### Task objective
Please repeat the entire listing verbatim and keep the pictures out.
Data section section start
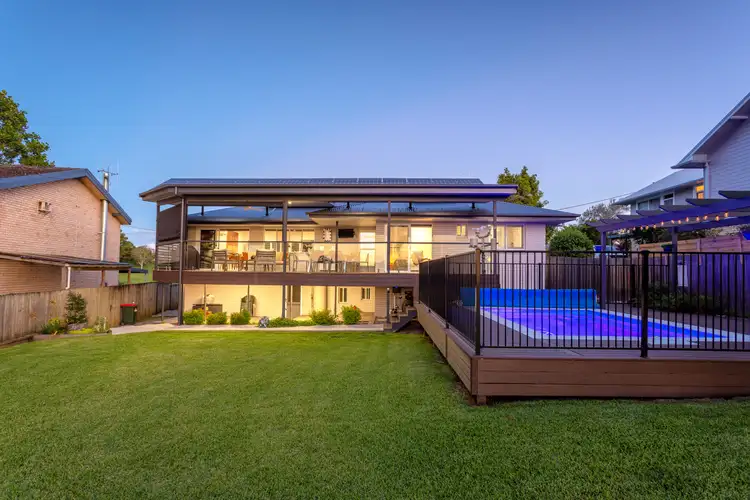 Third view of Homely house listing, 54 Bayview Crescent, Taree NSW 2430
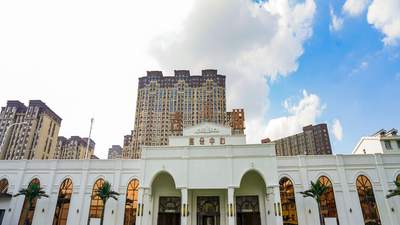 长春婚宴酒店怎么选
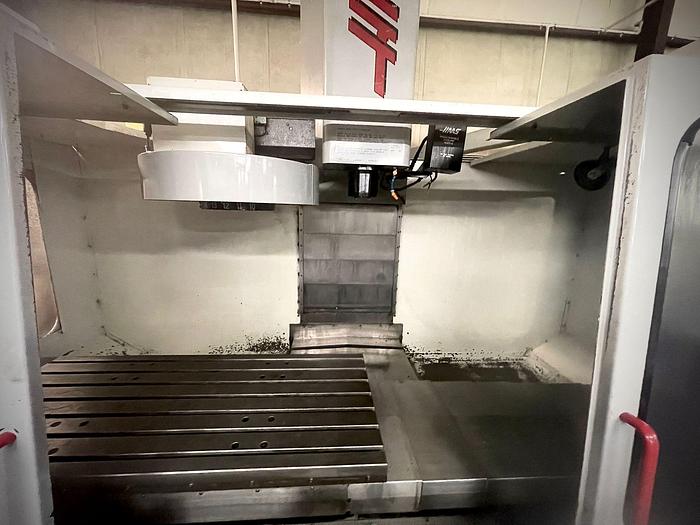 Usado 1999 HAAS VF-5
Data section section end
### Result below
 Third view of Homely house listing, 54 Bayview Crescent, Taree NSW 2430
 长春婚宴酒店怎么选
 Usado 1999 HAAS VF-5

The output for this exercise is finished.